Republic Bank says the application of taxes on the maturity of its Tax Incentive Savings Plan (TISP) was a directive from the Board of Inland Revenue since last year.
Responding to queries from Loop, the bank said: “In late 2017, the Bank received a new directive from the BIR, regarding the application of taxes on maturity payout for all annuities including those below the specified threshold of monthly annuity payments less than $500 monthly. This directive has been implemented by the Bank and customers advised.”
TISP is a tax-deferred annuity plan, registered under the Income Tax Act which allows individual savers the ability to reduce their current tax liabilities by permitting them access to the tax deduction allowed for approved deferred annuity plans under the Act. As such, the TISP is regulated and governed by the Ministry of Finance, Board of Inland Revenue (BIR).
The bank explained that as outlined under section 28(5) of the Act, upon maturity of the said Plan, the contributor must avail of an immediate annuity for life. In addition, the Act allows for the commutation of annuities below a specified threshold. This threshold is where the monthly annuity is less than $500.
In 2006, the Board of Inland Revenue (BIR) issued a directive indicating that such commuted annuities would not be subject to tax, the bank said.
However, a new directive in 2017 changed that.
In a letter to the editor, one customer called Lynette complained about the new application of the tax.

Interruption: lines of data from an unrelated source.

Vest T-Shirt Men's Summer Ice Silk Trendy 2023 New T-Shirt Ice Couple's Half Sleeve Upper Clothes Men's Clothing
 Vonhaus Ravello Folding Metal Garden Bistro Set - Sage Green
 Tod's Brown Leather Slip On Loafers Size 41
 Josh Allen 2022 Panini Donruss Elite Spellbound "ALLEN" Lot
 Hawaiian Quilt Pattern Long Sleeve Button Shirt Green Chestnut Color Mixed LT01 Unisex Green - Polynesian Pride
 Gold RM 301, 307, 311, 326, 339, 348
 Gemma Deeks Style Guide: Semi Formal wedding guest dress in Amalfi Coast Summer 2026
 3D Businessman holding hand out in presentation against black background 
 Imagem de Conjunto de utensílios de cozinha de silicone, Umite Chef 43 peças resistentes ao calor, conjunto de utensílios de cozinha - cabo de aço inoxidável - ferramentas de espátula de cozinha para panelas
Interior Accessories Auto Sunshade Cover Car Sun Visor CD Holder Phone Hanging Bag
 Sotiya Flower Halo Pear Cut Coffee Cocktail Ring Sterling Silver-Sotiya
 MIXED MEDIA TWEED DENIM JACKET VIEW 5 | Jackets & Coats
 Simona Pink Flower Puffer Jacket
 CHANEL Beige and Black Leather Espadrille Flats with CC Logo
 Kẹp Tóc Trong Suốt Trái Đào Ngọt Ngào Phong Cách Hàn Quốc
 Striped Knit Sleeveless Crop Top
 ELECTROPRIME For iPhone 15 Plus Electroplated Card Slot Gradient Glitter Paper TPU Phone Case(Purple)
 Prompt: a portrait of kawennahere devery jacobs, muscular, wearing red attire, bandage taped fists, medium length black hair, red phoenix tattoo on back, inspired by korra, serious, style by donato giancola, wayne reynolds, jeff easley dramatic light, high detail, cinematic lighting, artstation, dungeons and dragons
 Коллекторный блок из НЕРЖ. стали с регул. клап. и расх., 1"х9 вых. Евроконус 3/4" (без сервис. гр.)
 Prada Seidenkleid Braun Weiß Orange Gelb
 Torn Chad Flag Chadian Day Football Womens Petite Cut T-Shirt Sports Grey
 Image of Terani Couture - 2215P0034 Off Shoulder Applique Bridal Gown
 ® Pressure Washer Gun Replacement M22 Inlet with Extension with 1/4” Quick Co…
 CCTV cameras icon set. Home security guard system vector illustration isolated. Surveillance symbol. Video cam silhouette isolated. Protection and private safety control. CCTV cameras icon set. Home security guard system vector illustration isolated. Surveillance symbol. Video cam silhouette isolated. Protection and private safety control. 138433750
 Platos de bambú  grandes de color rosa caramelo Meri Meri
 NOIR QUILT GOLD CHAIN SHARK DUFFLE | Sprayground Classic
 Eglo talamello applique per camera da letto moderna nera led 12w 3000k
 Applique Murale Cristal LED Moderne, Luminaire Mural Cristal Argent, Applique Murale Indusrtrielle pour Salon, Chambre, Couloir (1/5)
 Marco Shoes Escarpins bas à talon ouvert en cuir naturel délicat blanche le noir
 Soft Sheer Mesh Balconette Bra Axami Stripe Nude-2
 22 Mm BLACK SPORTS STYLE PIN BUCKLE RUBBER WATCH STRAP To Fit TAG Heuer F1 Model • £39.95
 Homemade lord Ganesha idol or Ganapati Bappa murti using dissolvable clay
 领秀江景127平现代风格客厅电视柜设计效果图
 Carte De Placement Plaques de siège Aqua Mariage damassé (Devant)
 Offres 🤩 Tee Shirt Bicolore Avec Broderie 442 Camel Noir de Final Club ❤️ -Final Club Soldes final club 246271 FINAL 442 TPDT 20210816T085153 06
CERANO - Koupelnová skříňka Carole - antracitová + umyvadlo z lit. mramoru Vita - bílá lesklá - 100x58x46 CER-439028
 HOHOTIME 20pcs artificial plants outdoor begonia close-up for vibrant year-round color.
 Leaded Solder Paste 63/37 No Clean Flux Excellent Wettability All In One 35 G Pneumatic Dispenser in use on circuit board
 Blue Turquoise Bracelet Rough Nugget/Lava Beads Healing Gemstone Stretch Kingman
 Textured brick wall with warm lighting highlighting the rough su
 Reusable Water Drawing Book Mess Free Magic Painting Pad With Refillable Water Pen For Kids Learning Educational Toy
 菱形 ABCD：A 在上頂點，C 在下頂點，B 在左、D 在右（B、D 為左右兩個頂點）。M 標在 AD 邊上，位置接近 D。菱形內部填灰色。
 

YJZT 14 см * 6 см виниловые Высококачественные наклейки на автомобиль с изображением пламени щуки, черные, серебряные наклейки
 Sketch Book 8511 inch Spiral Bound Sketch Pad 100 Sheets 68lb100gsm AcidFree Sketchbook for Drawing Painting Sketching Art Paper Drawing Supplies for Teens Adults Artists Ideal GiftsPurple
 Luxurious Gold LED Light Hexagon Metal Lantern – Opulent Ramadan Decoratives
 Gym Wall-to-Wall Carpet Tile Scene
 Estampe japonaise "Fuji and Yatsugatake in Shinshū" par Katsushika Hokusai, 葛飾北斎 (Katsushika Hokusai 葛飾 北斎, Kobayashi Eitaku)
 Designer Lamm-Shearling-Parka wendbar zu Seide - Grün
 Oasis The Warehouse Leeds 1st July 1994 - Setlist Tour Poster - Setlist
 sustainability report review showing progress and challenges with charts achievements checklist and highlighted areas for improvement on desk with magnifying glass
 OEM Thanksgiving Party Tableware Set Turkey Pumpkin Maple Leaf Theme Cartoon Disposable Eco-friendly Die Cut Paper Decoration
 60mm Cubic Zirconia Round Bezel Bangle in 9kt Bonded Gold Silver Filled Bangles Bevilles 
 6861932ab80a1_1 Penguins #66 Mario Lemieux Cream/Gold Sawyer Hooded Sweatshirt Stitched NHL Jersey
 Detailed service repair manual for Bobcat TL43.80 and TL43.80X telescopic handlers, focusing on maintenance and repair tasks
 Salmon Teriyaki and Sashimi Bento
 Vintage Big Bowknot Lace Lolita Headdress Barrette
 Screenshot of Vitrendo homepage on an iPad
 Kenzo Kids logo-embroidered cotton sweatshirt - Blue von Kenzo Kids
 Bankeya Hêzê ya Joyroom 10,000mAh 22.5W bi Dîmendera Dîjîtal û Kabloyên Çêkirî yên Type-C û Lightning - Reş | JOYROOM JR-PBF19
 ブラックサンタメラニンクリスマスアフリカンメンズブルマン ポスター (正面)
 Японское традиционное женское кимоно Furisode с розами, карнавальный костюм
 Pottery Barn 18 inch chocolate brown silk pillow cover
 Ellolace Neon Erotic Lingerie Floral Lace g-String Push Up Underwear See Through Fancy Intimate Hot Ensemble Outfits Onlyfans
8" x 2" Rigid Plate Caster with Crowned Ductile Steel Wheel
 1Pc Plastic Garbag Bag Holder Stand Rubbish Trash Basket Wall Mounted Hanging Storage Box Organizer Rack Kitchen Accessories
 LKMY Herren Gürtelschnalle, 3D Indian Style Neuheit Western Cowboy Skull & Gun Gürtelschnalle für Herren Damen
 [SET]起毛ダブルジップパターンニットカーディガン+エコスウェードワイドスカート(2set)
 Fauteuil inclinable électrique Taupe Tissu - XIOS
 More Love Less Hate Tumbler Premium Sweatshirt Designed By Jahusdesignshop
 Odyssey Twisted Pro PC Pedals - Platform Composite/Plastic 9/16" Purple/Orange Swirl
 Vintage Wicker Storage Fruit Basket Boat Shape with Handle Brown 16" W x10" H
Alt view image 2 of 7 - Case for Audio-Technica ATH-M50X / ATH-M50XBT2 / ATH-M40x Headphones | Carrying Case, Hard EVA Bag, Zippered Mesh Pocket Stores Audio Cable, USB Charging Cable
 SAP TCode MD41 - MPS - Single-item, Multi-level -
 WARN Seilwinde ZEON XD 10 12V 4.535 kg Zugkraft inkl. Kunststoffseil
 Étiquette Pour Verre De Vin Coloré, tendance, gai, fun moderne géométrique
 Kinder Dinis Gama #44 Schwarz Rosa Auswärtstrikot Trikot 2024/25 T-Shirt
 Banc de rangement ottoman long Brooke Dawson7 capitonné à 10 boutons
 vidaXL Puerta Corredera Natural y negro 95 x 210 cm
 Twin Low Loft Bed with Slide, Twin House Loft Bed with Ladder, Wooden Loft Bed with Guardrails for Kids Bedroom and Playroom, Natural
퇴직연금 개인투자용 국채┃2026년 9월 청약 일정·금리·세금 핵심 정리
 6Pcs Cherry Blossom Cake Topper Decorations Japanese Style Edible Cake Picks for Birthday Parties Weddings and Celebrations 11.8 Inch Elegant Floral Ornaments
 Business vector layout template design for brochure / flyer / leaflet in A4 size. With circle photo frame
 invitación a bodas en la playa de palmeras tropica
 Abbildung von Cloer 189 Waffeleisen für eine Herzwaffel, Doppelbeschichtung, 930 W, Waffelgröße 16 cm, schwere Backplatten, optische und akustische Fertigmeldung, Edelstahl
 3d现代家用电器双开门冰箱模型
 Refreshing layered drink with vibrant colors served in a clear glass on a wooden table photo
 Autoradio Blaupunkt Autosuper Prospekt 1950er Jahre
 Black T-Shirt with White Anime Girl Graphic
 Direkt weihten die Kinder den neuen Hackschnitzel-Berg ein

She wrote: “Many customers are finding out when the maturity date arrives, that the Republic Bank’s Tax Incentive Savings Plan (TISP) is no longer going to be settled under the original terms they were invited to sign up. Customers were invited to participate in this plan on the understanding that at the end of five years, they could withdraw the lump sum deposited and all that it had accrued TAX-FREE. Up to last year, this was the case.”
“However, from this year, the Bank has informed customers that they received a “new directive” from the Board of Inland Revenue, which has resulted in the change to the agreement under which customers had signed. From this year customers will now receive 100 percent of all interest plus 25 percent of contribution as a tax-free free lump sum, and the residual 75 percent of contributions net of 25 percent income tax. As a result, many, if not all, customers have received at the maturity of their investment, less money than they had deposited in the first place. This was not due to market fluctuations, but solely as a result of taxation,” she wrote.
The customer said she feels the effects of the scam especially because during a time of hardship, since when she went to take out her money she was cautioned by the Bank that to do so before the maturity date would incur a penalty of 25 percent, while if she left it, I would be receiving 100 percent of the money tax free.
“I left it, not wishing to incur the penalty. Had it not been for the evidence of being told by embarrassed Bank’s representatives from more than one Branch that the rules had indeed changed since this year, I would have thought that I was grossly mistaken. I also know that I am not mistaken because one customer had the good fortune of obtaining his 100 percent tax free investment, but now faces this disappointment after being encouraged to reinvest his money,” she said.